A situação do mercado imobiliário da cidade de Nova Iorque é sintomática de um problema muito mais amplo de discriminação e segregação de classe. Você pode ver isso na natureza segregada de tudo com base na riqueza, desde acomodações em trens e aviões até discrepâncias mais sérias entre subúrbios e centros das cidades.
Nas áreas da saúde e da justiça criminal, os ricos entram por uma porta e o resto de nós por outra. Neste país, muito pouco chega até você porque você é um ser humano, ou mesmo porque você é um cidadão. Quase tudo que você recebe ou não recebe depende de quanto você pode ou está disposto a pagar.

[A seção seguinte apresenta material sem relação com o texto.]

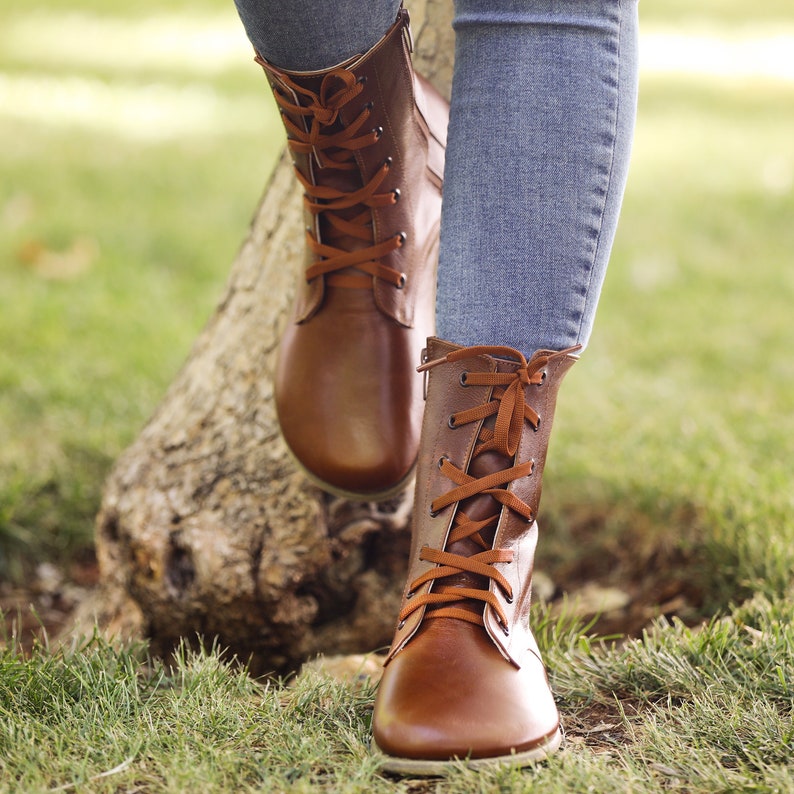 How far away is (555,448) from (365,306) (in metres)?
0.95

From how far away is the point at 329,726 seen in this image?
118cm

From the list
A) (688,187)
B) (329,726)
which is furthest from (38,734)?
(688,187)

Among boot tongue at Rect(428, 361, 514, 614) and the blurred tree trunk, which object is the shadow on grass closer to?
the blurred tree trunk

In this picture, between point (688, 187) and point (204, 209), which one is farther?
point (688, 187)

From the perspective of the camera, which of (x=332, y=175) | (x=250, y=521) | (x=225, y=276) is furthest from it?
(x=225, y=276)

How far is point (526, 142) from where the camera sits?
1216mm

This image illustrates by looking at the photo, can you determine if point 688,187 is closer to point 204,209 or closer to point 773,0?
point 204,209

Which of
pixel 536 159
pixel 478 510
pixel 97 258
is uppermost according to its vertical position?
pixel 536 159

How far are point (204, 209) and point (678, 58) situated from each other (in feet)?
16.7

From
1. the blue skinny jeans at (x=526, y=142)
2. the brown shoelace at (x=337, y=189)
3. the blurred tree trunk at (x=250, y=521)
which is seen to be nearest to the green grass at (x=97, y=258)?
the blurred tree trunk at (x=250, y=521)

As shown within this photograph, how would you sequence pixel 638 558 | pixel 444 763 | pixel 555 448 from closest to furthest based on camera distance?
1. pixel 444 763
2. pixel 638 558
3. pixel 555 448

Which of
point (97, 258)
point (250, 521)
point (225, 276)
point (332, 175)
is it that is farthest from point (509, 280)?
point (97, 258)

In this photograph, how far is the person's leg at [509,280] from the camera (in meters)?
1.20

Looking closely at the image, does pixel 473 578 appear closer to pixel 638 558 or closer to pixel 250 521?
pixel 250 521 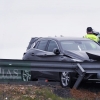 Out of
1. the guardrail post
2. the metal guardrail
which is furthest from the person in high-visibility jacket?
the guardrail post

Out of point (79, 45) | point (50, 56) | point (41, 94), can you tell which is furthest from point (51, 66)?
point (79, 45)

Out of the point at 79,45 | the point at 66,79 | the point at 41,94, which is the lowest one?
the point at 66,79

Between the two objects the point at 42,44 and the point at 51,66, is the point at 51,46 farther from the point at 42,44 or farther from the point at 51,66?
the point at 51,66

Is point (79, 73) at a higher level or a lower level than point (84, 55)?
lower

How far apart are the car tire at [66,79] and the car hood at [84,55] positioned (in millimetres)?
624

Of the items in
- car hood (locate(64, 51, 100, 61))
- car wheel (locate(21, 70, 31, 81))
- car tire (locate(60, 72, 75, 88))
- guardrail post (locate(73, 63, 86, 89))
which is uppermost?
car hood (locate(64, 51, 100, 61))

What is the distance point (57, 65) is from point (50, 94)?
5.97 feet

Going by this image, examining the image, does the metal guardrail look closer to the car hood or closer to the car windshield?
the car hood

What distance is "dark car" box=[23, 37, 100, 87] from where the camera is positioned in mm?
13159

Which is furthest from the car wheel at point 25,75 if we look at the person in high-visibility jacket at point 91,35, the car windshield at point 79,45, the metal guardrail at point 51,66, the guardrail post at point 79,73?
Answer: the person in high-visibility jacket at point 91,35

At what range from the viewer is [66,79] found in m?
13.1

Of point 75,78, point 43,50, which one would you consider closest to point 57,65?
point 75,78

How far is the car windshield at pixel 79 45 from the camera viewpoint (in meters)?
14.8

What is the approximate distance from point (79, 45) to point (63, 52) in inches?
34.6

Neste contexto, devemos concluir tristemente que a regulamentação das rendas é uma anomalia, uma política que está em desacordo com a cultura americana. É também uma janela para as práticas económicas desumanas em que nos tornamos tão viciados.
Esse vício poderia levar a uma overdose? E se isso acontecer, aprenderemos que a regulamentação é necessária e saudável?
Lawrence Davidson é professor de história na West Chester University, na Pensilvânia. Ele é o autor de Foreign Policy Inc.: Privatizando o Interesse Nacional da América; Palestina da América: Percepções Populares e Oficiais de Balfour ao Estado Israelita; e fundamentalismo islâmico.
Bill deBlasio, cujo nome verdadeiro é Warren Wilhelm, provará provavelmente ser outro bom exemplo de americanos que votam em promessas de campanha vagas e numa plataforma política desprovida de especificidades. Generalidades como “esperança e mudança” podem significar tudo para todas as pessoas. Pelo que me lembro, o próprio Sr. Wilhelm esteve envolvido no negócio de “desenvolvimento” imobiliário em algum momento, e sem dúvida beneficiou generosamente de algumas das mesmas práticas que hoje publicamente condena como “lamentáveis”. Não espere que ele faça muito mais do que lamentar a situação, porque ele é apenas mais um insider. Os nova-iorquinos tinham outras opções, mas escolheram Warren Wilhelm. E, à verdadeira moda da Síndrome de Estocolmo, o eleitorado que ele ajuda a desapossar irá admirá-lo como “um deles”, prova viva de que se trabalharmos arduamente e seguirmos as regras, também podemos ter sucesso. Se não, ora, você é apenas um idiota e obviamente não merecia coisa melhor. Alguns chamaram isto de Fenômeno Hudson, em homenagem ao economista Michael Hudson, que observa que, à medida que a desigualdade aumenta, os pobres tornam-se, na verdade, mais dóceis, mais submissos e mais propensos a votar contra os seus próprios interesses. Cara inteligente, aquele Michael Hudson. Não admira que os ricos o odeiem.